Why are there more prime factors of the form $4k-1$ than of the form $4k+1$

analytic-number-theoryelementary-number-theorylimitsnumber theoryprime numbers

The density of primes of the form $4k-1$ and $4k+1$ is equal although slight discrepancy exists in the exact numbers also known as Chebyshev bias. All odd prime factors of a number will be either of the form $4k-1$ or $4k+1$. If we take all natural numbers $n \le x$ and look at the prime factors of each of these numbers, the density of prime factors of $4k-1$ significantly higher than that of the form $4k+1$, i.e. the bias is much stronger than Chebyshev bias. Experimental data shows that the difference between their densities is a constant.

Let $a(n)$ = no. of distinct primes factors of $n$ which are of the form $4k-1$ and $b(n)$ = no. of distinct primes factors of $n$ which are of the form $4k+1$.

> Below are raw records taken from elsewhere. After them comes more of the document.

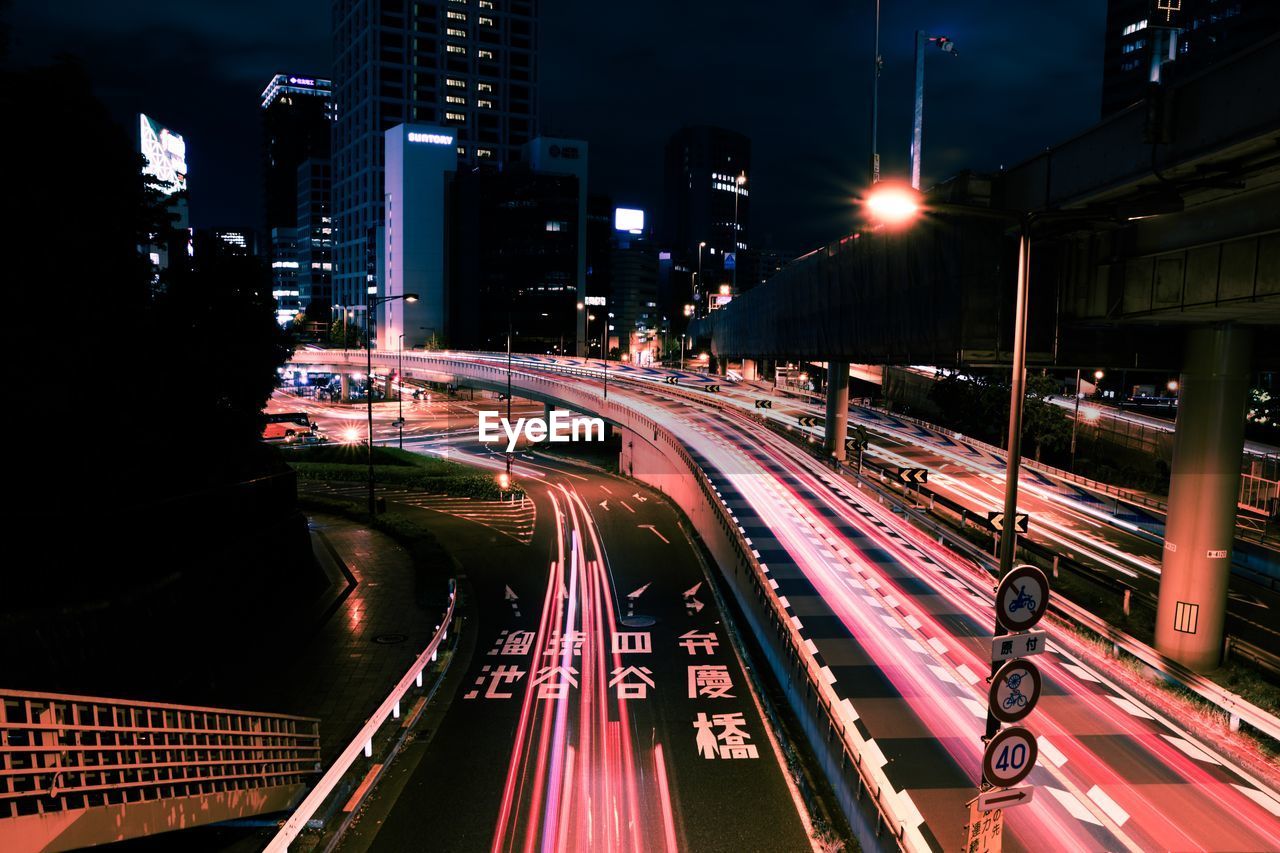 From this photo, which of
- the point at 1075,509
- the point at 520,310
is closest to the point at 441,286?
the point at 520,310

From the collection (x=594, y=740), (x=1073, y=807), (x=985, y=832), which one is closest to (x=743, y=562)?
(x=594, y=740)

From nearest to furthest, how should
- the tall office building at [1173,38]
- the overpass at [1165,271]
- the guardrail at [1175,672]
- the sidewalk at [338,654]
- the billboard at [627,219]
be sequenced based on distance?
the overpass at [1165,271], the guardrail at [1175,672], the tall office building at [1173,38], the sidewalk at [338,654], the billboard at [627,219]

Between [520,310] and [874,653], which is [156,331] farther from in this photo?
[520,310]

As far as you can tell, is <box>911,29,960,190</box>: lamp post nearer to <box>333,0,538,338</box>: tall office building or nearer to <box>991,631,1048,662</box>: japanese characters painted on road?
<box>991,631,1048,662</box>: japanese characters painted on road

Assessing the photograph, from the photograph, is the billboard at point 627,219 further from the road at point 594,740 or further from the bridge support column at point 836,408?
the road at point 594,740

Data at every checkpoint from $x = 10^6$ to $x = 10^9$ shows a consistent trend that

$$
\frac{1}{x}\sum_{n \le x} [a(n) – b(n)] \approx 0.83498
$$

At a more granular level, we consider only odd numbers then the above constant is $\approx 0.33498$ and if we consider only even numbers then it is $\approx 1.33498$.

Question: What is the source of this bias and is there a closed form of

$$
\lim_{x \to \infty}\frac{1}{x} \sum_{n \le x} [a(n) – b(n)]
$$

Best Answer

This is not a complete and rigorous answer, but I think it is a good start to an explanation.

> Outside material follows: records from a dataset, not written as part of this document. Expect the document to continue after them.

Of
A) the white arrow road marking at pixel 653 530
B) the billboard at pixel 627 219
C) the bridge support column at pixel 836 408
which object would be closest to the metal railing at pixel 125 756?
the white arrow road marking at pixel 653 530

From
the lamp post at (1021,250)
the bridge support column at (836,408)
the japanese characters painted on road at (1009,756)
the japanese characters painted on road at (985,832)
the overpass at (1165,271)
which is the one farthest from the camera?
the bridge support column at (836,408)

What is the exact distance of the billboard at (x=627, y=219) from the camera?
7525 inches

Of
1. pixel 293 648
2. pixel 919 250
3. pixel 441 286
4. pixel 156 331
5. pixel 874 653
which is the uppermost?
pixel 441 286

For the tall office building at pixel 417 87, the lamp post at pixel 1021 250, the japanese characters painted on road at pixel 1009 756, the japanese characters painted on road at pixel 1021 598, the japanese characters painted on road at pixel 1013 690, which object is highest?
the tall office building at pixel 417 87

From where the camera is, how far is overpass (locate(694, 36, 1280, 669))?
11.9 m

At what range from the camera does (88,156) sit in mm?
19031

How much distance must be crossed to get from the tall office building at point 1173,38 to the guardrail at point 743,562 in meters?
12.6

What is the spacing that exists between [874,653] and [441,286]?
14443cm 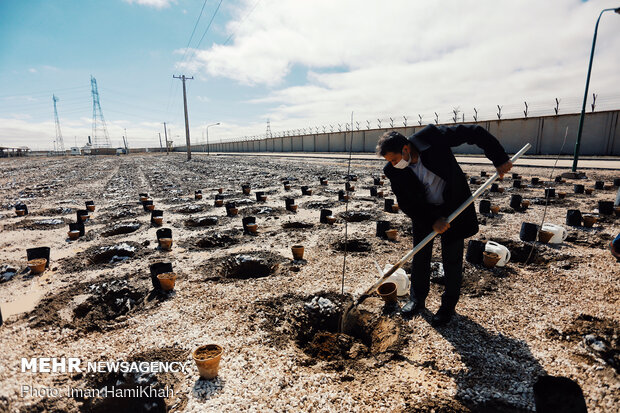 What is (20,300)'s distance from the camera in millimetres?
3953

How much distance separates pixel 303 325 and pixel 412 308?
1328mm

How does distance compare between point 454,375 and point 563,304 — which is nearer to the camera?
point 454,375

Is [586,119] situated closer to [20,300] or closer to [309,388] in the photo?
[309,388]

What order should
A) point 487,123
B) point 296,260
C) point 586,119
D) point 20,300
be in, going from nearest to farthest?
point 20,300 → point 296,260 → point 586,119 → point 487,123

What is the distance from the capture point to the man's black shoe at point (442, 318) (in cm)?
312

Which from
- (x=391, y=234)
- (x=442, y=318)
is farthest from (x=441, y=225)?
(x=391, y=234)

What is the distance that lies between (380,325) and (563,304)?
230 centimetres

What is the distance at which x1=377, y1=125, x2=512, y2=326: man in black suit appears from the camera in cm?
277

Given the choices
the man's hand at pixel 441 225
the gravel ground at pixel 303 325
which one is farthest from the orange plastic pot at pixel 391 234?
the man's hand at pixel 441 225

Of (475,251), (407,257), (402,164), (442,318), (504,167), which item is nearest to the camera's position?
(402,164)

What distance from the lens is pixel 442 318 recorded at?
312 centimetres

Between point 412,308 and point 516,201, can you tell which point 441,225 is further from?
point 516,201

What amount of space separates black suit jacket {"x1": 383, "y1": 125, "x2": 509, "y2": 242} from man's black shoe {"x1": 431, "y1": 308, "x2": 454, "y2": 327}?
0.86 m

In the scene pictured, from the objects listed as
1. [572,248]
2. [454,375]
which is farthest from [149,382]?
[572,248] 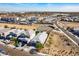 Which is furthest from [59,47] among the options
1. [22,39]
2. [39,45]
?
[22,39]

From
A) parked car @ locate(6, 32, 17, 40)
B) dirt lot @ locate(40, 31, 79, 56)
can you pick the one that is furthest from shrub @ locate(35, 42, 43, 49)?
parked car @ locate(6, 32, 17, 40)

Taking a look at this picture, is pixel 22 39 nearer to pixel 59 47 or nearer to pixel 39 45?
pixel 39 45

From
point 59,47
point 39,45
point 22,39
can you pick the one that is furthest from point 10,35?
point 59,47

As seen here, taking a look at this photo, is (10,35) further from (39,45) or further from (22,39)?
(39,45)

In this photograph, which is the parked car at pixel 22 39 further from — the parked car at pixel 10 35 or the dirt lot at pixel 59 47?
the dirt lot at pixel 59 47

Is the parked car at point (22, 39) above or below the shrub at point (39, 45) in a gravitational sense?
above

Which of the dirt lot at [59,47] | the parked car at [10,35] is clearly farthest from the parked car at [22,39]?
the dirt lot at [59,47]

Up to $x$, you can squeeze in more numbers with $3$ as a factor than you can numbers with $5$ as a factor. Just from $3$ and $5$, you have a difference of something like $\frac{1}{3}-\frac{1}{5}=0.1\overline{3}$.

Trying to measure this, I believe what you have is:

$$f(x)=\left\lfloor\frac{x}{3}\right\rfloor+\left\lfloor\frac{x}{7}\right\rfloor+\left\lfloor\frac{x}{11}\right\rfloor+\cdots$$ $$g(x)=\left\lfloor\frac{x}{5}\right\rfloor+\left\lfloor\frac{x}{13}\right\rfloor+\left\lfloor\frac{x}{17}\right\rfloor+\cdots$$

So $\frac{f(x)-g(x)}{x}$ is something like:

$$\frac13-\frac15+\frac17+\frac1{11}-\frac1{13}-\frac1{17}+\frac1{19}+\cdots$$

This is converging to something that is suspiciously close your result ($0.3349\ldots$) when only examining odd numbers less than $x$.

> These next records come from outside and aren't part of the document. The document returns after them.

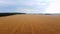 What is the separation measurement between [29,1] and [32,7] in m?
0.08

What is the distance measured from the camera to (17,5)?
107 cm

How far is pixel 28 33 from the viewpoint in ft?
0.84

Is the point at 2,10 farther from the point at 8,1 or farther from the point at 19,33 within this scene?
the point at 19,33

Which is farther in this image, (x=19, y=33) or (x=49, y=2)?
(x=49, y=2)

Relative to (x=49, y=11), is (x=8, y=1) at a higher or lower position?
higher

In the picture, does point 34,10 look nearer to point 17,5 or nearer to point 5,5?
point 17,5

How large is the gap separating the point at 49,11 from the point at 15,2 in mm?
373

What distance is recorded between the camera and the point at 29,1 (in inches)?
42.5

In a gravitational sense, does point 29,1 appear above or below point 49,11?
above

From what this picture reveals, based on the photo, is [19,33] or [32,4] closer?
[19,33]

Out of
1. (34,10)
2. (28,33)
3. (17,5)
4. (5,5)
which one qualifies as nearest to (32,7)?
(34,10)

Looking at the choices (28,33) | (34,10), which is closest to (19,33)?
(28,33)

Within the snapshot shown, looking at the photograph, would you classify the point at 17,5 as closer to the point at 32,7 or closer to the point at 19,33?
the point at 32,7

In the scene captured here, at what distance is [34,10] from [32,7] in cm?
4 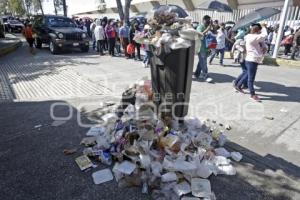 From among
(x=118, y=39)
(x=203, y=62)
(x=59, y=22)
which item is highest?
(x=59, y=22)

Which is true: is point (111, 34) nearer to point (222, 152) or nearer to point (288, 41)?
point (288, 41)

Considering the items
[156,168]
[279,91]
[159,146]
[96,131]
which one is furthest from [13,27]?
[156,168]

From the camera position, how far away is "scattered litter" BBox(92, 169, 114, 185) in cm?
304

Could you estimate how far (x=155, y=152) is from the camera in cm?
322

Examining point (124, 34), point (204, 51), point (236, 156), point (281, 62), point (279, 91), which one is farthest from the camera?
point (124, 34)

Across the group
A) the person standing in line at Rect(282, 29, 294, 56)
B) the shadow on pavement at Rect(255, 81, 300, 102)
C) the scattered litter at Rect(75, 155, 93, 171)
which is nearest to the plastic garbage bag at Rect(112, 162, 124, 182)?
the scattered litter at Rect(75, 155, 93, 171)

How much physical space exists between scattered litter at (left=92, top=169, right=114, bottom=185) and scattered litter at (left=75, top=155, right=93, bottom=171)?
0.18 m

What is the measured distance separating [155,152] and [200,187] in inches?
27.8

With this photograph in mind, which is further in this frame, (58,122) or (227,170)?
Answer: (58,122)

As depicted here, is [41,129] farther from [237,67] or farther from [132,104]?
[237,67]

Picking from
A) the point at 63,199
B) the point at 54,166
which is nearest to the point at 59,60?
the point at 54,166

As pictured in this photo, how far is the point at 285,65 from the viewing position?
10047 millimetres

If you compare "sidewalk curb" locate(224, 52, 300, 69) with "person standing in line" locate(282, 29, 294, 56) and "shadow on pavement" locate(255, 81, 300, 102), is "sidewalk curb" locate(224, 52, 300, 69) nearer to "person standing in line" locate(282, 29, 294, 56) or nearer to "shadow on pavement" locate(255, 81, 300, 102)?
"person standing in line" locate(282, 29, 294, 56)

Note that your result for looking among even numbers ($1.3349\ldots$) is this number plus $1$. And then the original of your three results ($0.8349\ldots$) is the average of those two numbers. Of course averaging the first two numbers would make sense, but why is the even count 1 more than the odd count?

Are factors of $2$ being properly omitted from your counts for $f(x)$ and $g(x)$? I notice that $\frac12+\frac14+\frac18+\cdots=1$, and if factors of $2$ (with repetition) were included in the count for $f(x)$, it would account for that additional $1$. But I am just speculating.